Non voleva fare l’avvocato come la mamma, così ha scelto di toelettare i cani: il dopo è inaspettato 
                                                     di Valeria Randone*





Giovanni, nome di fantasia, fa il tolettatore di cani. Lo ha sempre voluto fare, sin da bambino. Quando era piccolo e gli chiedevano cosa volesse fare da grande, lui rispondeva che voleva lavare tutti i cani del mondo. Voleva farli belli. Pettinarli. Togliete i nodi al loro pelo. Accudirli.
Giovanni era innamorato della cura, dei cani e di Totò il suo inseparabile bulldog inglese.
La madre, mia paziente, era molto preoccupata perché considerava il lavoro manuale una sorta di scorciatoia per chi non volesse studiare.
Lei si era laureata, aveva vinto tanti concorsi e aveva anche lavorato all’Università di Catania.
 Era impensabile che il suo unico figlio volesse lavare i cani come mestiere.
Nel tempo, in maniera strategica lo ha sempre boicottato. Ha cercato di instillargli la passione per lo studio, per i viaggi, per le altre lingue. Lo ha letteralmente spedito in Inghilterra, ma anche lì, Giovanni accudiva i cani della scuola. Poi a Rimini da una loro zia per le vacanze estive, ma anche in una città effervescente e seduttiva per un adolescente, Giovanni aveva trovato un’associazione che salvava randagi.
La morte di Totò
Il suo amato cane, Totò, all’età di dieci anni si è spento dolcemente. Soffriva di cuore, respirava male e soffriva tremendamente il caldo. In Sicilia, le estati sono afose e dilatate nel tempo, iniziano ad aprile e terminano a dicembre, e il povero Totò non è sopravvissuto all’ultima estate.
Giovanni è stato inondato da un dolore insopportabile, sconquassante, violento, non cicatrizzabile.
Questo immenso dolore lo ha fatto diventare sciabola per duellare con la madre, per la prima volta con estrema fermezza. Fu anche l’anno in cui fece caming out e dichiarò al mondo, alla madre e a sé stesso la sua omosessualità.
Affronta la madre. Le dice chiaramente, forse per la prima volta nella sua vita, che lui avrebbe ascoltato soltanto il suo cuore e avrebbe scelto di aprire un piccolo negozio per tolettare i cani.
La madre lo aveva obbligato a conseguire la laurea triennale in economia, a Catania, ma nel frattempo, a sua insaputa, Giovanni aveva fatto un corso per imparare il suo mestiere del cuore.
Giovanni aveva un cuore luminoso. Era gentile. Affabile. Elegante nei modi. Un sognatore. Inizia così a lavorare come apprendista in un grande negozio che toletta cani. Impara in fretta perché per lui non si tratta di lavoro ma di un regalo quotidiano che fa a sé stesso.
Nel giro di qualche mese diventa responsabile del negozio. Apre lui, chiude lui. Si occupa delle prenotazioni, dei cani difficili e dei proprietari ruvidi, esigenti, ostili.

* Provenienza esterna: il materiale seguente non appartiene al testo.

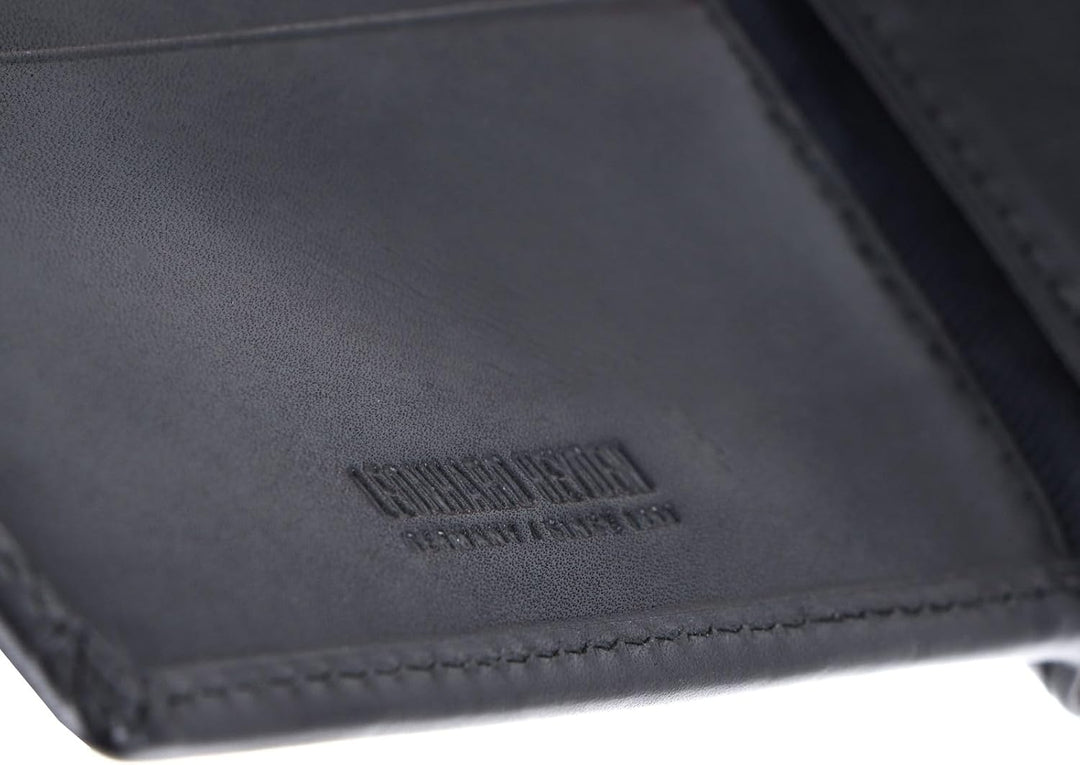 Leonhard Heyden Cambridge Wallet S Black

Diventa il perno dell’attività.
Quando lavorava sembra il Pifferaio Magico: aveva l’abitudine di raccontare delle storie, alcune inventate, altre erano quelle che gli raccontava la sua amata nonnina quando era piccolo (unico ammortizzatore tra la ferocia e intransigenza di sua madre e le sue esigenze più profonde).
Le raccontava ai cani che lavava, perché era più che certo che la sua voce aveva un effetto calmate su di loro.

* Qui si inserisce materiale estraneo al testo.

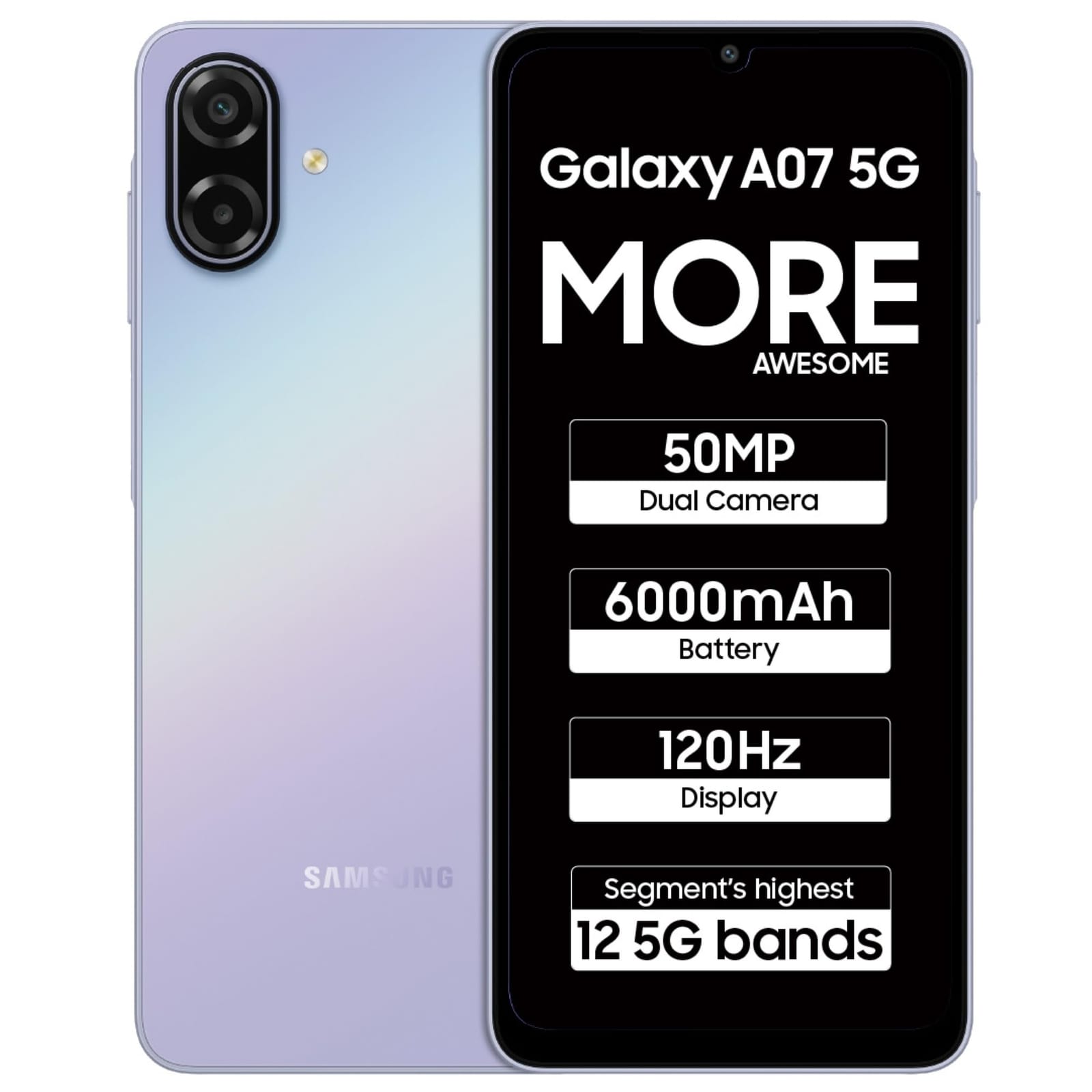 Samsung Mobile A07 5g (6/128gb)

Nel giro di pochissimo tempo si è sparsa la voce e Giovanni, per tutti, è diventato il tolettatore-cantastorie.
I bambini volevano accompagnare i loro cani alla toletta. Alcuni di loro assistevano incantati, altri rimanevano lì per ascoltalo anche senza il loro cane.
La svolta
La madre aveva finalmente compreso, forse per la prima volta in assoluto, che Giovanni aveva ascoltato il suo cuore. Aveva appeso al chiodo la sua laurea, figlia di una costrizione, ed era felice.
La sua felicità era diventata contagiosa e anche molto remunerativa per il negozio dove lavorava
Il dopo
Il rapporto tra Giovanni e la madre è migliorato notevolmente. La signora ha finalmente deciso di aiutare il figlio ad aprire un’attività tutta sua. Madre e figlio hanno acquistato una bottega, stanno ultimando i lavori di ristrutturazione e a breve Giovanni, dopo tante sofferenze, avrà il suo negozio e potrà occuparsi di tutti i cani che si rivolgeranno a lui. Continuerà a raccontare le sue storie e ad essere felice.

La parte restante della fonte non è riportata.